BY CHRISTINE BARBOUR
Start with the pie. Really. It’s all good at Hive but if you don’t save room for the Hive Pie (aka, buttermilk pie) you will have a hard time forgiving yourself. Or, full, you will eat it anyway and pay for it later.
True, there are other pies. A decadent chocolate that will glue your teeth together with its caramel topping, and a seasonal pie that oozes the juices of whatever fruit is currently ripest and sweetest. But it’s Hive Pie that captures the essence of Hive.
It’s a pale yellow, like its cousin the sugar cream pie. The crust is ruffled and crispy and you can tell just by looking at it that it’s rich and flakey and you probably won’t be leaving any on the plate. And, bonus, it has just the right amount of saltiness to offset the incredible, over-the-top sweetness of the filling.
And so you take a bite. And it is sweet. But it is the sweetness of every precious childhood food memory sliding across your tongue; every rich, creamy nursery dessert you ever craved; and the secure and safe feeling you had while eating it—a sensory experience you thought you’d maybe never capture again.
I was embarrassed, the first time I tasted it while in conversation with Hive’s creator and owner Jeff Mease, discovering I had actually closed my eyes and left the conversation. I was seduced into a reverie of flavor nostalgia I couldn’t fight. I had to ask him to repeat what he had just told me.
And I guess that is kind of the point of Hive.
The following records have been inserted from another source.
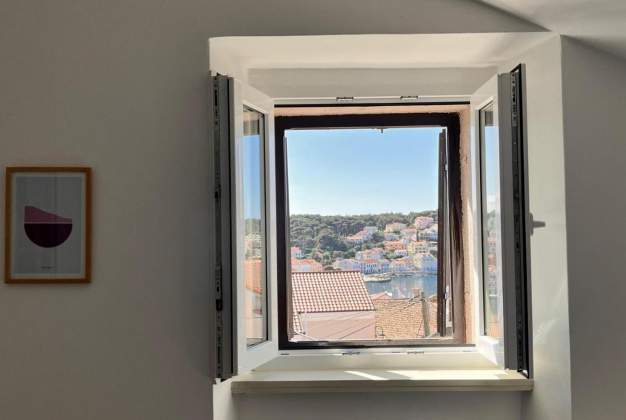 Apartment Ivana for 5 people with a view of the harbor, Mali Lošinj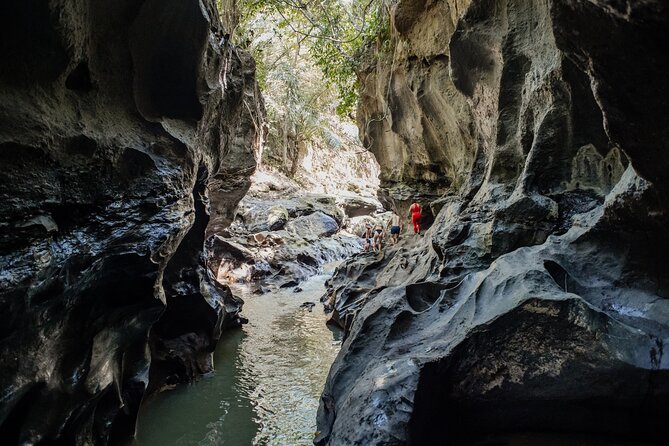 Bali Adventure Tour: Hidden Canyon, Tegenungan Waterfall, Goa Gajah temple - The guides can make or break the long day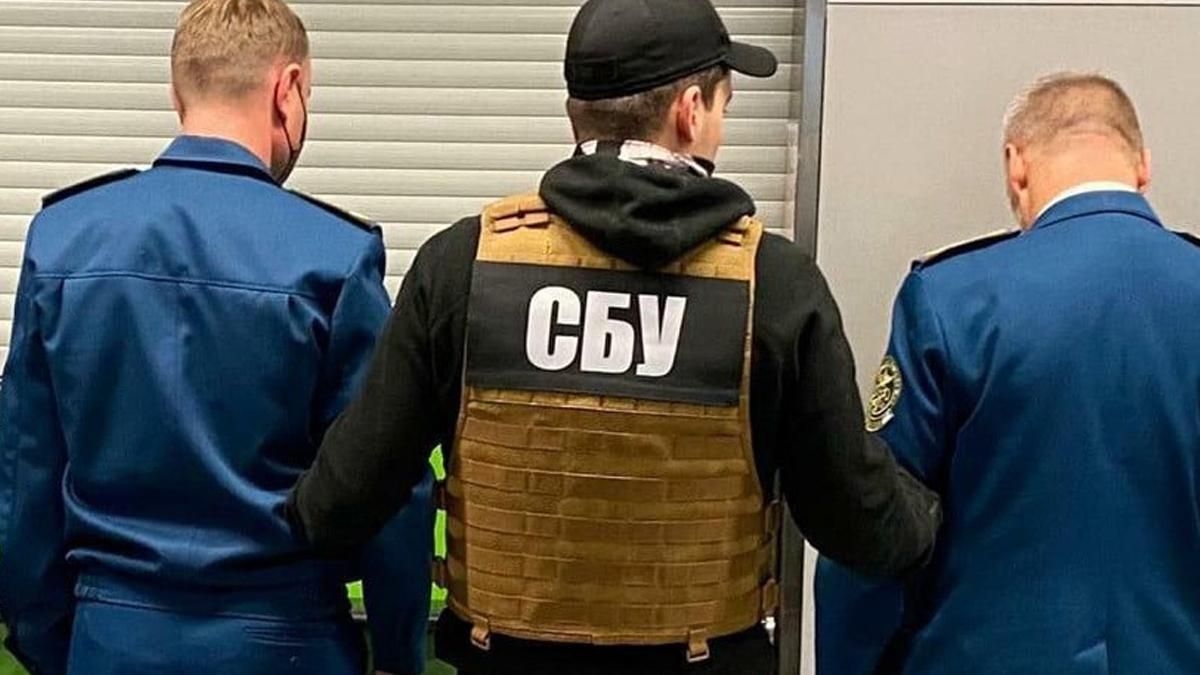 В аеропорту Бориспіль затримали митників: заробляли на хабарях В аеропорту Бориспіль затримали митників: заробляли на хабарях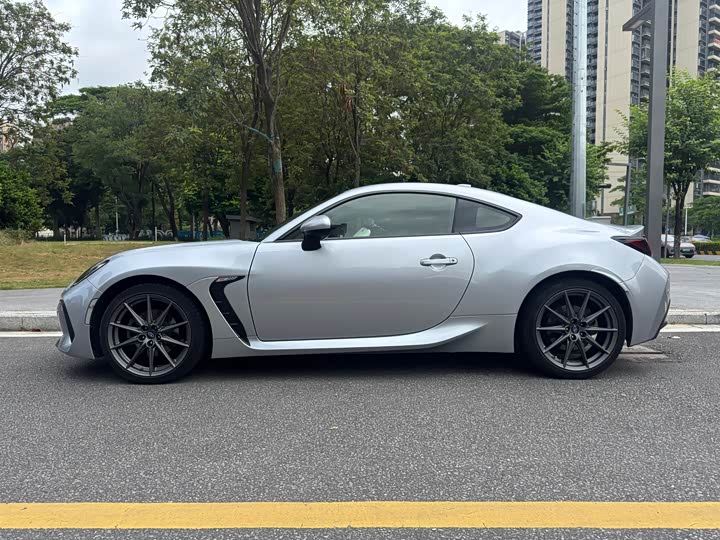 Subaru BRZ, 2022 — фото 4 из 9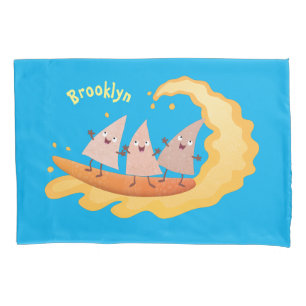 Niedliche nachos-Maischips beim Surfen Cartoon Kissenbezug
Mease has traveled a lot. He’s an extraordinary businessman and local entrepreneur (co-owner of Pizza X, Lennie’s, Bloomington Brewing Co., and One World Catering), but more than anything he is a thoughtful, curious, and innovative guy. When the Indiana University Foundation asked him to open a place serving fast, fresh, healthy food (though I have my doubts about the cholesterol count of that pie) in a spot they owned at 10th Street and the 45/46 Bypass near IU’s Cyberinfrastructure Building and the new hospital complex, Jeff put in a lot of thought. And a lot of miles. He traveled and ate with smart people and kept thinking.
The menu he came up with, although he claims it is accidental, is international comfort food.
While the ultimate point of Hive is to specialize in chicken—you can order the whole roast bird and all of the fixings—you can also have a Vietnamese Banh Mi sandwich; a steaming, beautifully arranged ramen dish; a Cuban breakfast bowl; or a green and herby kuku, a breakfast quiche without the crust that is just darn good. Happily for the vegetarian, almost everything can be made with tofu.
The restaurant is as transparent as the menu. The space is open and all glass—you can see who is driving into the parking lot at any given moment. There are no secrets. The fresh-baked bread, the house-baked pastry, the corned beef that Mease had to track down from the same guy who supplies the famous Zingerman’s in Ann Arbor, Michigan, is all exactly what it is. Hive food is not food that tries to surprise you or impress you with its clever disguise as something else.
Except the Hive Pie. It’s definitely a bit of heaven.